Naturalmente, lo importante está en la ausencia, en el texto, en lo apenas intuido, en las sombras que cobijan vacíos pletóricos, en la inversión de los términos habituales. De alguna manera en el miedo, que puede trastocar las conciencias y las acciones destruyendo cualquier clase de seguridades. Y esto produce un cierto grado de saturación en el público. La dirección de Jorge Vargas es precisa y medida, pero tal vez tensa un poco demasiado las cuerdas, forzando las sensaciones de la espera. Y eso por momento quiebra la unidad, generando algo parecido a un distanciamiento, a una ruptura que nos permite reconocernos en la butaca y cobrar sentido del paso del tiempo.

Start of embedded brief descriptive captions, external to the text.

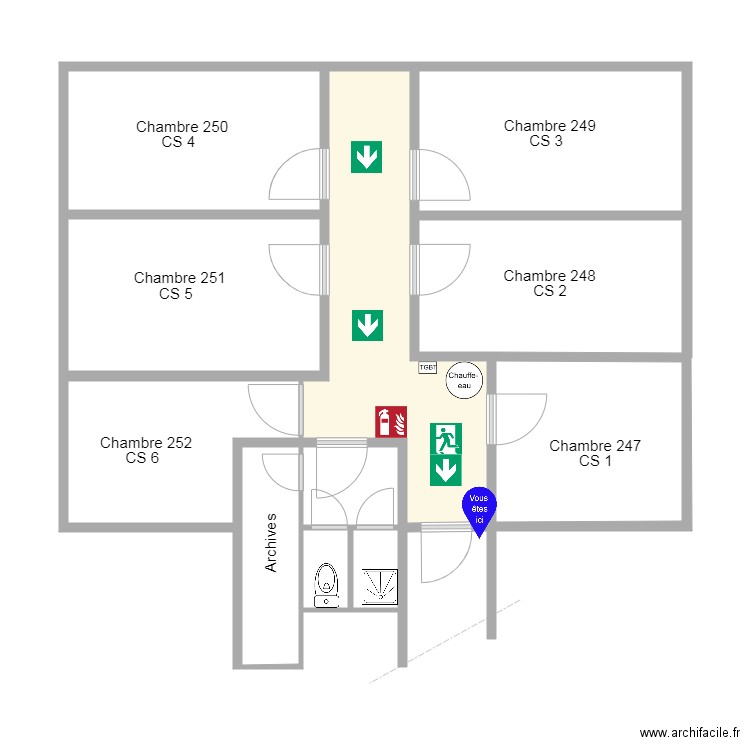 Chambre de bonne 57 A. Plan de 0 pièce et 0 m2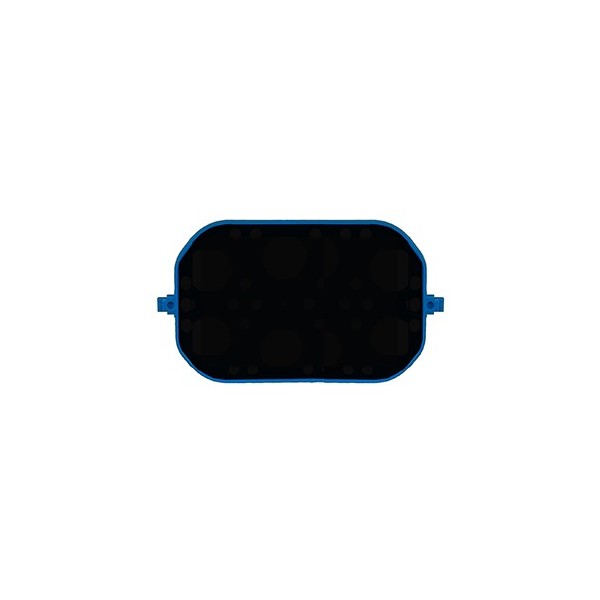 Mini piattaforma oscillante con tappetino in gomma 11,5 x 7,5 cm. (solo per R2024)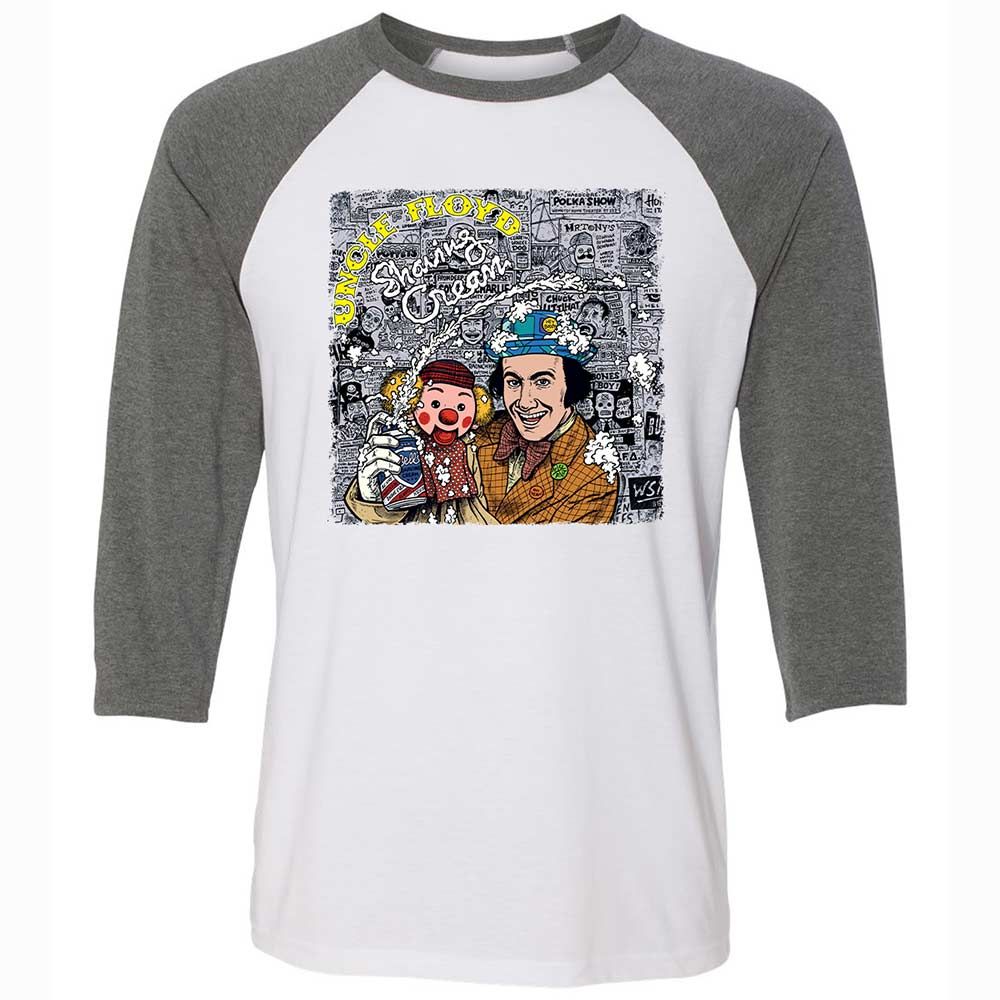 Unisex 3/4 Baseball Tee - 3HYKZ5G7 - White/Deep Heather - 11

Los tres actores son Sergio Cataño, Marina de Tavira y Rodolfo Arias. Un trabajo difícil porque debe mostrar por ausencia, porque debe jugar casi siempre a la resta para que dé más, porque el peligro de volverse triviales o banalmente "misteriosos" o "dramáticos" es el compañero permanente. Casi siempre logran su objetivo, bien acompañados por su director. Posiblemente con el transcurso de las funciones se profundice la calidad de los actores y esta logre afianzarse en lo impreciso de los límites.
En definitiva, una obra sugestiva y una propuesta interesante de un grupo que parece tener bastante claras tanto sus búsquedas formales como la trascendencia de sus preguntas artísticas.
Hasta aquí por hoy. Será interesante observar las modificaciones, tanto de lenguaje como de intereses, antes de fin de año, con un gobierno nuevo y un horizonte visible enfrente, lo que permite el ajuste de preguntas y necesidades.